#### Data below
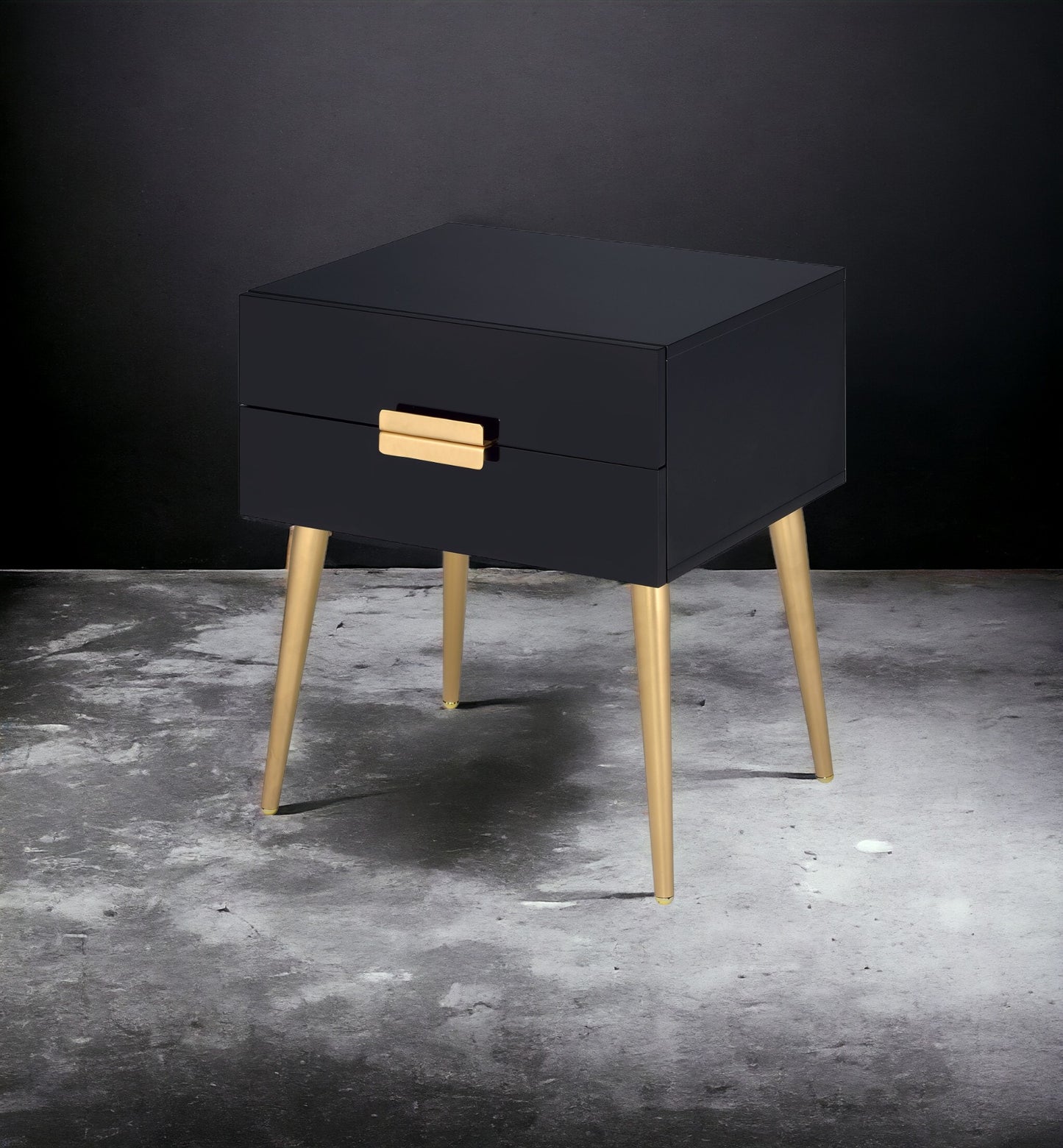 Denvor Black & Gold Finish End Table with 2 Drawers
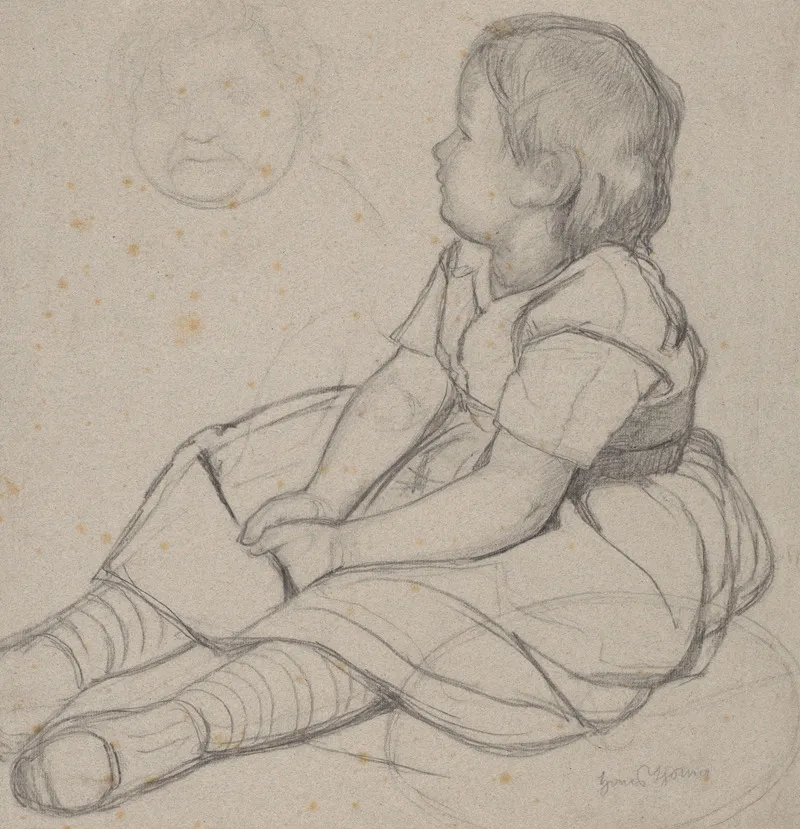 Sitting Girl And An Outline Of An Old Womans Head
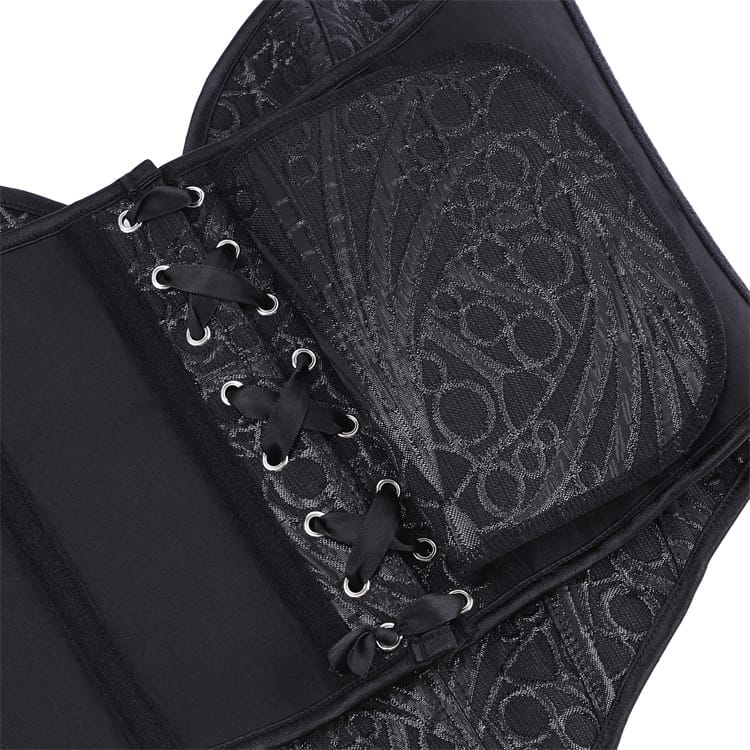 Kobine Women's Gothic Heart V Plunge Jacquard Lace-Up Overbust Corset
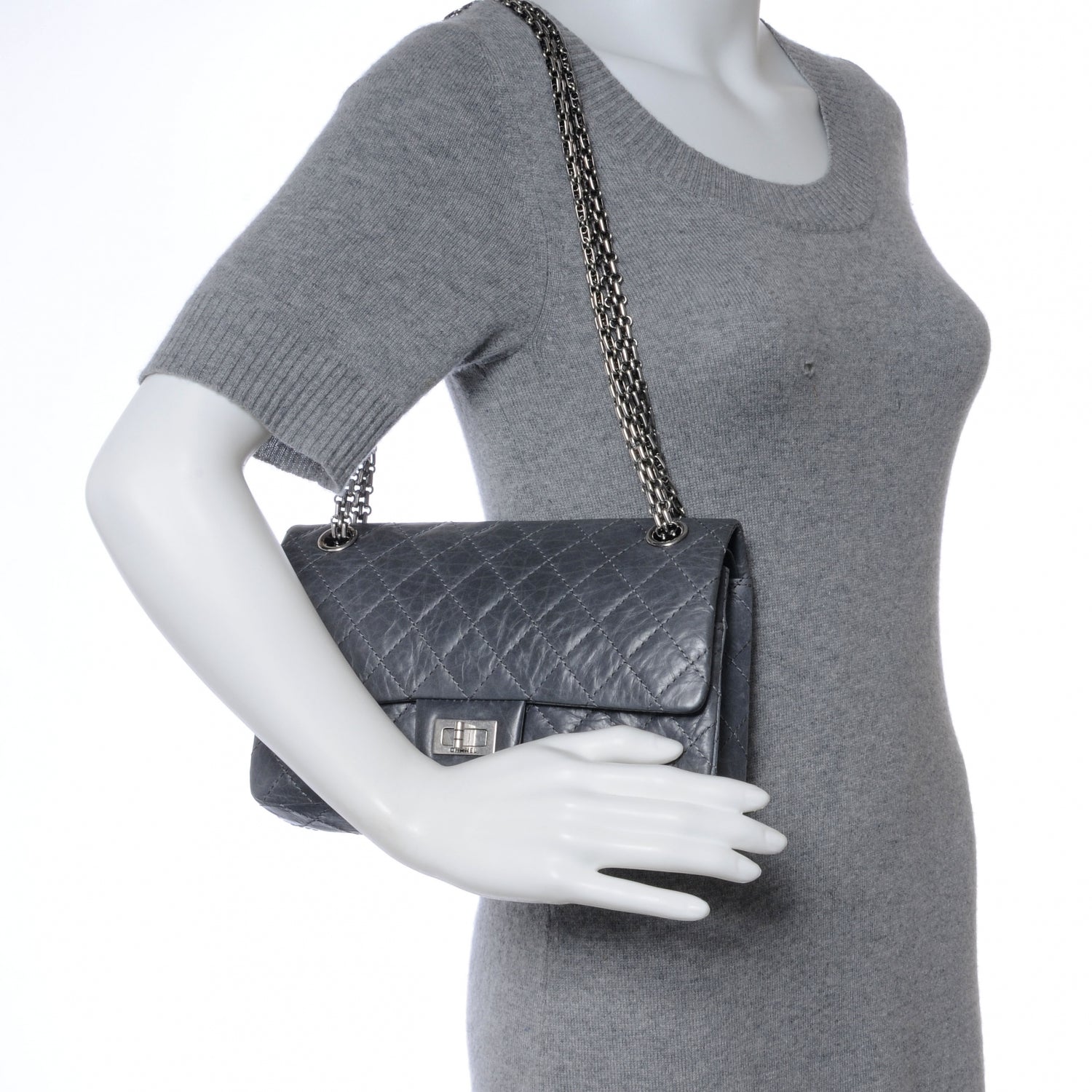 Chanel Aged Calfskin 50th Anniversary 2.55 Reissue 225 Flap Grey 2 of 8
########
Your instructions:
An exact reproduction of the data is needed, with no pictures included.

Answer to this task:
 Denvor Black & Gold Finish End Table with 2 Drawers
 Sitting Girl And An Outline Of An Old Womans Head
 Kobine Women's Gothic Heart V Plunge Jacquard Lace-Up Overbust Corset
 Chanel Aged Calfskin 50th Anniversary 2.55 Reissue 225 Flap Grey 2 of 8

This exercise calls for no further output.